# Emergency, can anyone help me ?



## Fishfur (Mar 4, 2012)

My tanks are on top of a big stand I built, and it's over the rad in my living room. The rad has begun to leak. I think it only needs a new screw in the bleed valve, but they are trying so hard to evict me, they want the tanks taken down and the stand taken apart, in case they have to open the rad cover. That's impossible with the way I built the thing. 

I have lost so many fish to the severe cold this winter because the rads have not worked for this winter at all. No heat. I think I can put all the fish into one 29 G, but I have nowhere to put it where it will be safe from pest control spraying that is due to be done on April 8. I've already spent thousands having stuff moved out for pest control that was supposed to be done April 1, but they did not show up. Most of my stuff now in storage.

If anybody could find space to hold my 29 G for a couple of weeks, I would be eternally in your debt. I have a young man working for me, he could help me get the tank down, fish in a bucket, etc. 

I know this is a lot to ask, but I am pretty desperate.

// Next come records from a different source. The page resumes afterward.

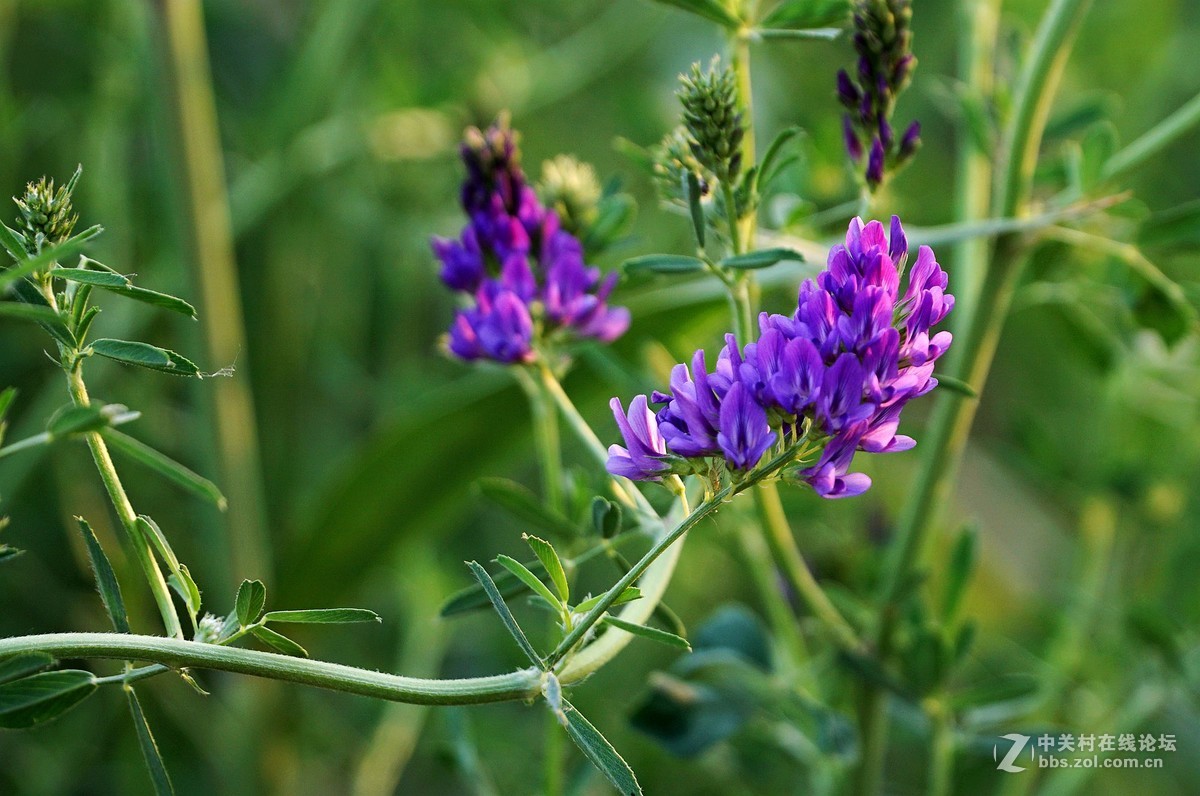 苜蓿花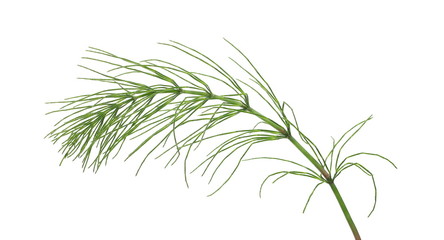 Fototapeta premium Horsetail fern, (Equisetum arvense) isolated on white background with clipping path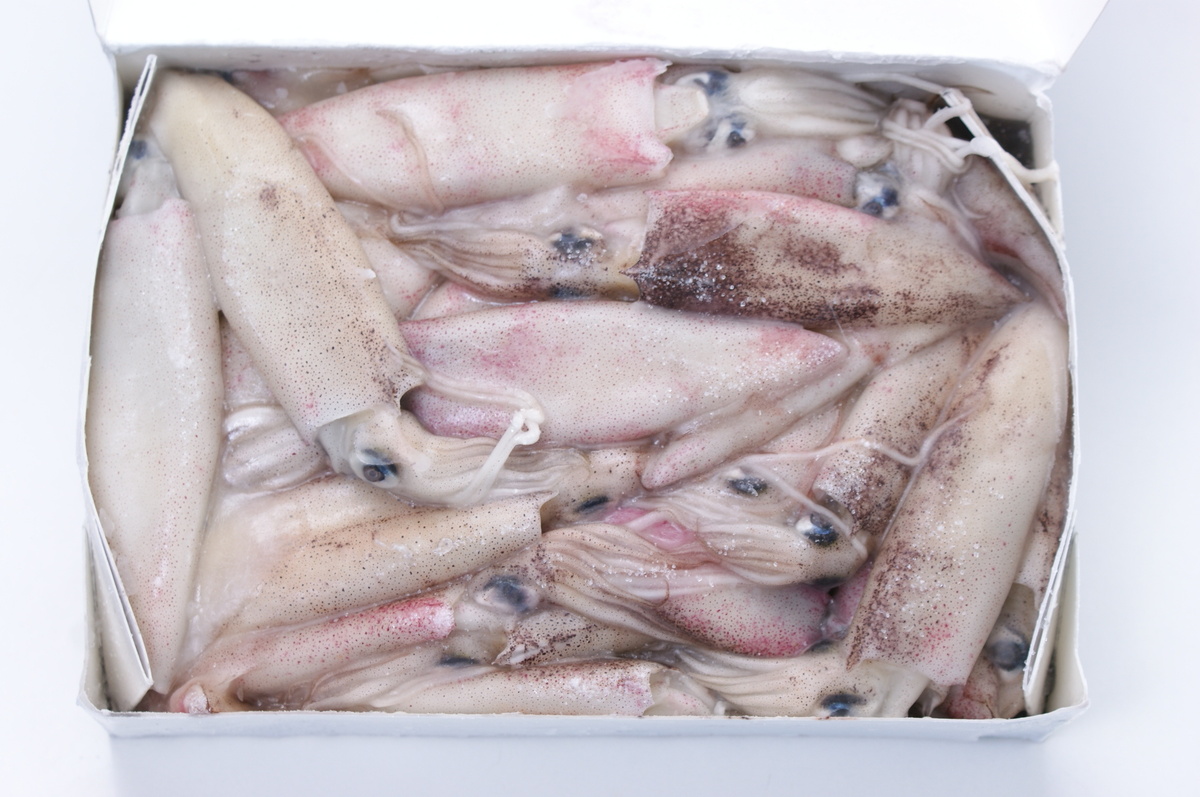 Smokkfiskur Heill California 12x1kg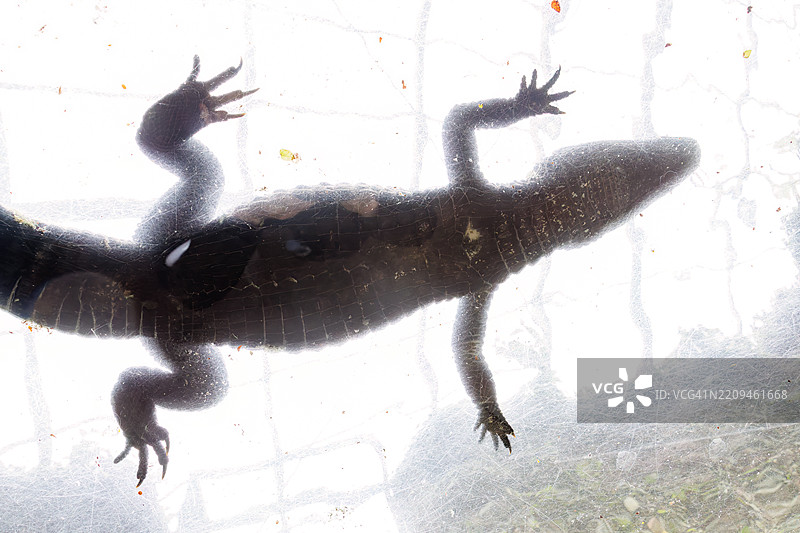 天花板上的麝香凯门鳄和侏儒凯门鳄（Paleosuchus palpebrosus，鳄鱼科）。图片素材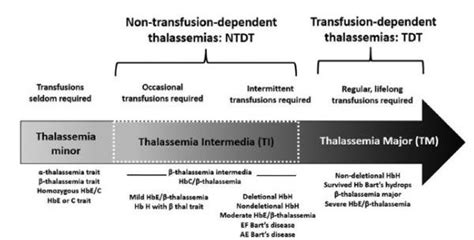 2 Pathophysiology Of Beta Thalassemia Download Scientific Diagram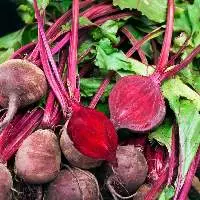 Beetroot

They really want me out of this place, so have no reason to be helpful at all. If I can't find a place to put at least one tank, I'm likely going to lose 99% of the livestock, and what plants I have left. Already lost my 5G, with I don't know how many shrimp and some uncommon nano fish. My bad leg gave out on me and I fell, bumped the tank and knocked it off the stand.

Please PM if you can help. Thanks for taking the time to read.


----------



## darkangel66n (May 15, 2013)

I can hold your stuff but I am In Oshawa.


----------



## clubsoda (Oct 10, 2009)

What kind of fishes are they maybe someone can just babysit your fishes for a couple of weeks


----------



## pyrrolin (Jan 11, 2012)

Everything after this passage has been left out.